Arjen de Vries’ talk at ESSIR 2013 (Granada, Spain) highlighted the opportunities and difficulties in using Information Retrieval (IR) and social media to both make sense of unstructured data that a computer cannot easily make sense of by itself and realise deeper hidden information.
Today social media has become more important as interactions on sites have developed to include user-generated content of all types from ratings, comments and experiences to uploaded images, blogs and videos. Users now not only consume content and products but also co-create, interact with other users and help categorise content through means of tagging or hash-tags. All of which may result in ‘data consumption’ traces.
Some of these social media platforms like Twitter provide access to a variety of data such as user profiles, their connections with other users, their shared or published content and even how they react to each other’s content through comments and ratings. Analysis of this data can provide new insights.

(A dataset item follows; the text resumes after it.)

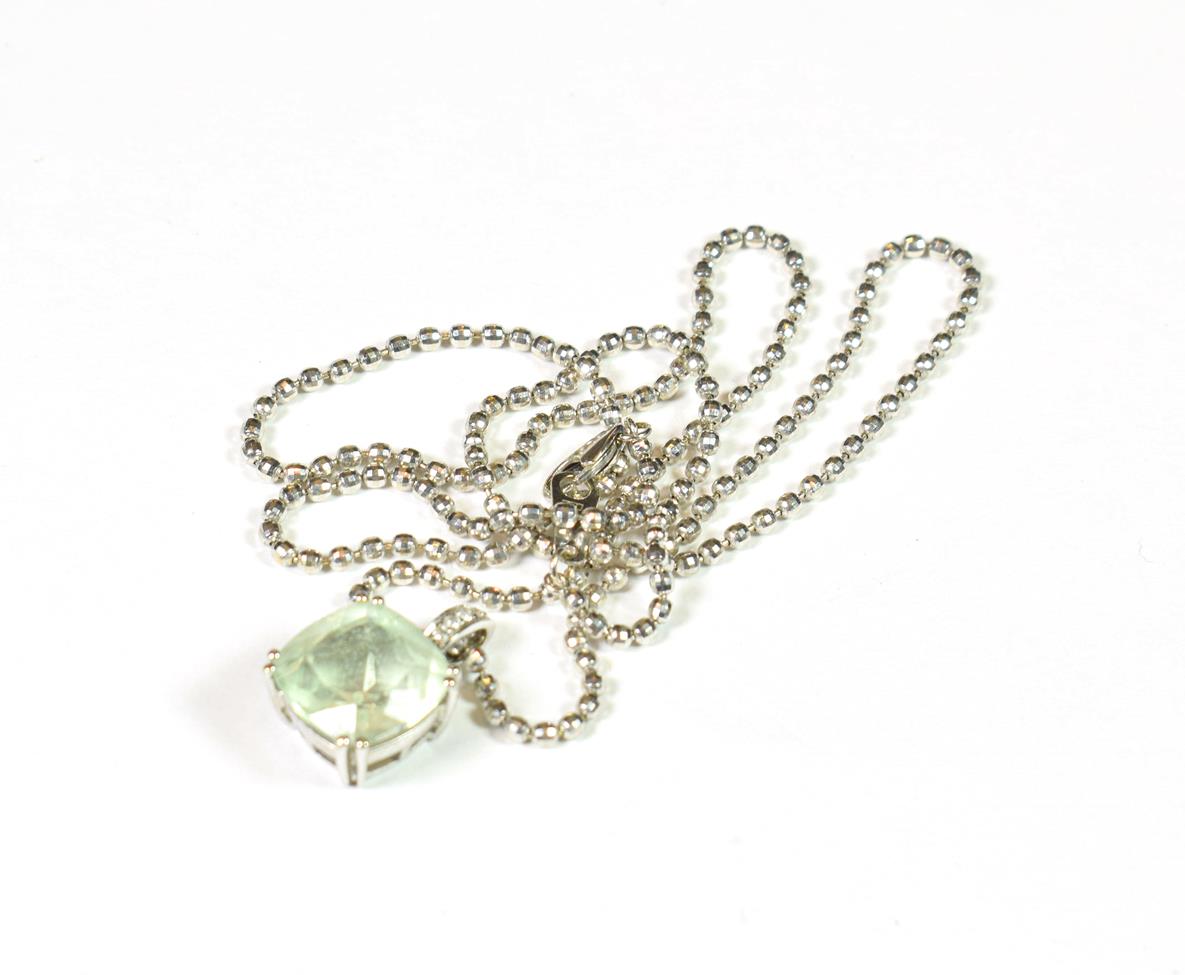 Lot 167 - A 9 carat gold quartz and diamond pendant on a bead link chain, chain length 50.5cm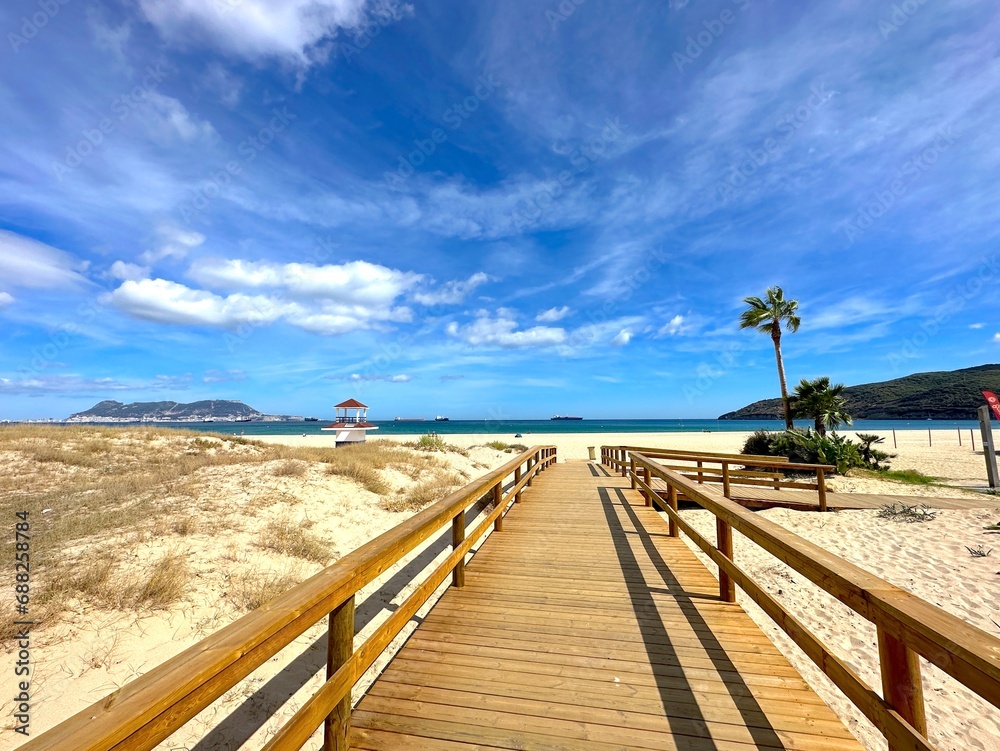 beautiful beach access to the Playa de Getares with palms near Algeciras on the Bay of Gibraltar with a view towards Gibraltar, Andalusia, Spain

One example is a case from CIW research. They calculated a top music artist popularity chart for each of the following different music sites: EchoNest, Last.fm and Spotify. Further research was then done for the band The Black Keys, where it was found that their popularity did not vary over time for either Last.fm or Spotify. However when using bit.ly data from tweets about the band for the very same period, it was found that interest in them rocketed after their Grammy win in the States, information that was not apparent from the previous research.
Using social media data to enrich information
The challenge that remains for IR research however is that these social media platforms vary in functionality. What they let users do will often determine the usefulness of the resultant data. For example, YouTube and Flickr will only let the up-loader tag their own content, while the film site IMDb allows tagging but the tags are not registered personally, rather they go into a pool. Arjen cited ‘Red Hot Chilli Peppers’ as a simple example of the usefulness of such social media data in allowing disambiguation either through implicit metadata from a user comment about eating chillies and/or information derived from the organisational data from say Flickr where a picture of red hot chilli peppers is grouped with other pictures of fruit and vegetables.
The key point here is that researchers often bemoan the fact that they do not always have access to log server files. Social media data left by users about content or objects can at times provide a richer representation in matching an information need and the response to that need. The potential benefits here for Information Retrieval are several:
- The expanded content representation
- The reduction in the ‘vocabulary gap(s)’ between content creator, indexers and information seekers
- The increase in diversity of view on the same content
- And the opportunity to make better assumptions about a user’s context and the variety of contexts that may exist
Allowing all users to tag all available content improves retrieval tasks
Where information about users on media sites is ‘open,’ (sometimes it is not, sites like Facebook and Linkedin are notoriously difficult to retrieve data from) there is the ability to discover which user labels what item with what word, and in some cases, even what rating they give. In essence many new sources play the role of anchor texts, be they tags, ratings, tweets, comments or reviews. The standard triangle of user, tag and item allows a unifying research approach based on random walks and can answer many questions. The talk emphasised that the area clearly has ample opportunity for researchers to make their mark.
One example of the research potential was shown in the case where LibraryThing.com was used to detect synonyms. The website allows users to keep a record of books they have read, tag, rate and comment on them. From these connections a synonym detector was created, allowing the example query word of ‘humour,’ to have a proposed list of synonyms created that included: ‘humor (US English), funny, humorous and British humour.
Analysis of this type of research has shown that allowing all users to tag all available content improves retrieval tasks, and that combining tags and ratings may both improve search and recommendation tasks even though there are some cases where lost relations between user, tag and item may occur.
The takeaway from this talk was that there is no one means or approach in retrieving information from Social Media due to the many complexities involved – not least because the limitations of user interactivity in some platforms but also due to limitations in the usage of data accessed. As Arjen demonstrated though, it is possible in certain cases to be innovative in the collection of rewarding data – an approach that may be utilized more and more, particularly as users/customers move closer to product and service providers through increased online interactions.